We calculate the metrics based on the code of MDM, so you first need to clone the MDM repository and setup the environment (Note that, MDM generates the motion and then calculate the metrics with a single program; we first generate the motion using our code, then calculate the metrics using MDM code). After generating the motion following the above two steps, you should follow the next steps to calculate the metrics. Assume you have cloned the MDM repository to ${PATH}/motion-diffusion-model/.

a. copy the folder save/ in h3d_eval to ${PATH}/motion-diffusion-model/

b. copy eval_h3d_dataset_offline.py and eval_h3d_offline.py to ${PATH}/motion-diffusion-model/eval/

c. put the absolute path of generated motion folders in Line72 and Line73 in eval_h3d_offline.py, respectively (The folders contains one generated with wo_mm and another with w_mm. The folder with w_mm can be null string if you don't want to calculate the MM metric.)
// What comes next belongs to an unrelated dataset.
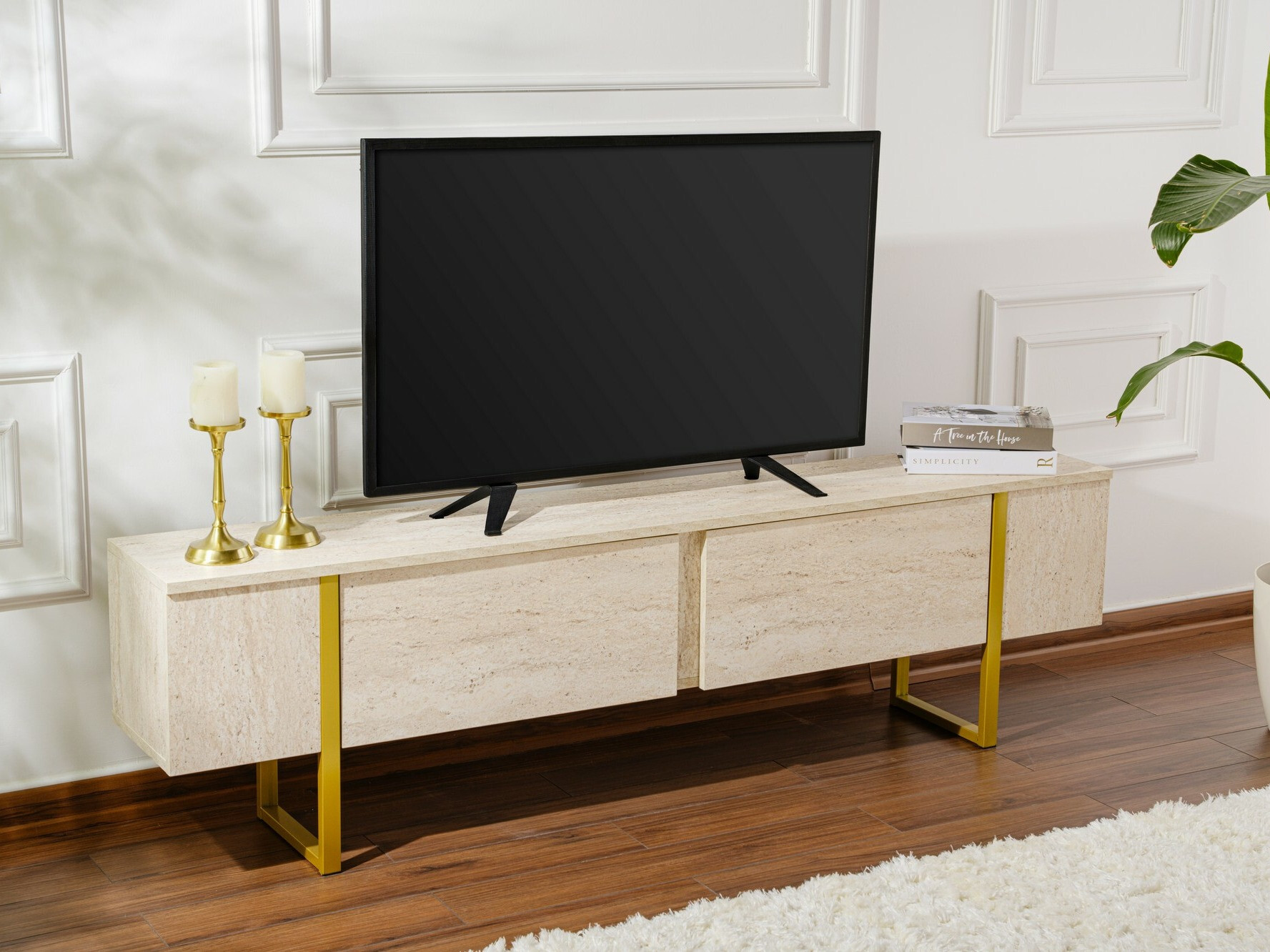 Comodă TV Novato 105 (Deschis Travertine + Auriu)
d. run the following commands to calculate:

python -m eval.eval_h3d_offline --model ./save/cmdm_h3d/model --eval_mode mm_short

Evaluation on HUMANISE

Train ADM

bash scripts/ts2m_contact/train_ddp.sh ${EXP_NAME} ${PORT}
# or, bash scripts/ts2m_contact/train.sh ${EXP_NAME} # for single GPU training
# e.g., bash scripts/ts2m_contact/train_ddp.sh CDM-Perceiver-HUMANISE-step200k 29500
  • the arguments are the same as above

Train AMDM

bash scripts/ts2m_contact_motion/train_ddp.sh ${EXP_NAME} ${PORT}
# or, bash scripts/ts2m_contact_motion/train.sh ${EXP_NAME} # for single GPU training
# e.g., bash scripts/ts2m_contact_motion/train_ddp.sh CMDM-Enc-HUMANISE-step400k 29500
  • the arguments are the same as above

Evaluate

1. Pre-generate affordance maps

bash scripts/ts2m_contact/test.sh ${MODEL_DIR} ${RAND_SEED}
# e.g., bash scripts/ts2m_contact/test.sh ./outputs/CDM-Perceiver-HUMANISE-step200k/ 2023
  • the arguments are the same as above

2. Generate motion sequences

bash scripts/ts2m_contact_motion/test.sh ${MODEL_DIR} ${AFFORD_DIR} ${RAND_SEED}
# e.g., bash scripts/ts2m_contact_motion/test.sh outputs/CMDM-Enc-HUMANISE-step400k/ outputs/CDM-Perceiver-HUMANISE-step200k/eval/test-0415-214721/ 2023
  • the arguments are the same as above
  • The calculated metrics are stored in ${MODEl_DIR}/eval/${test-MMDD-HHMMSS}/metrics.txt

Evaluation on Novel Evaluation Set

Train ADM

bash scripts/novel_contact/train_ddp.sh ${EXP_NAME} ${PORT}
# or, bash scripts/novel_contact/train.sh ${EXP_NAME} # for single GPU training
# e.g., bash scripts/novel_contact/train_ddp.sh CDM-Perceiver-ALL 29500
  • the arguments are the same as above

Train AMDM

bash scripts/novel_contact_motion/train_ddp.sh ${EXP_NAME} ${PORT}
# or, bash scripts/novel_contact_motion/train.sh ${EXP_NAME} # for single GPU training
# e.g., bash scripts/novel_contact_motion/train_ddp.sh CMDM-Enc-ALL 29500
  • the arguments are the same as above

Evaluate

1. Pre-generate affordance maps using the novel evluation set

bash scripts/novel_contact/test.sh ${MODEL_DIR} ${RAND_SEED}
# e.g., bash scripts/novel_contact/test.sh outputs/CDM-Perceiver-ALL/ 2023
  • the arguments are the same as above

2. Generate motion sequences using the novel evluation set

bash scripts/novel_contact_motion/test.sh ${MODEL_DIR} ${AFFORD_DIR} ${RAND_SEED}
# e.g., bash scripts/novel_contact_motion/test.sh outputs/CMDM-Enc-ALL/ outputs/CDM-Perceiver-ALL/eval/test-0611-153206/ 2023
  • the arguments are the same as above
  • The calculated metrics are stored in ${MODEl_DIR}/eval/${test-MMDD-HHMMSS}/metrics.txt

Contact

If you have any questions, please feel free to contact me via email: [email protected].

Citation

If you find our project useful, please consider citing us:

@inproceedings{wang2024move,
  title={Move as You Say, Interact as You Can: Language-guided Human Motion Generation with Scene Affordance},
  author={Wang, Zan and Chen, Yixin and Jia, Baoxiong and Li, Puhao and Zhang, Jinlu and Zhang, Jingze and Liu, Tengyu and Zhu, Yixin and Liang, Wei and Huang, Siyuan},
  booktitle={Proceedings of the IEEE/CVF Conference on Computer Vision and Pattern Recognition (CVPR)},
  year={2024}
}

Acknowledgement

Partial code is borrowed from MDM, HumanML3D and HUMANISE.

License

This project is licensed under the MIT License. See LICENSE for more details.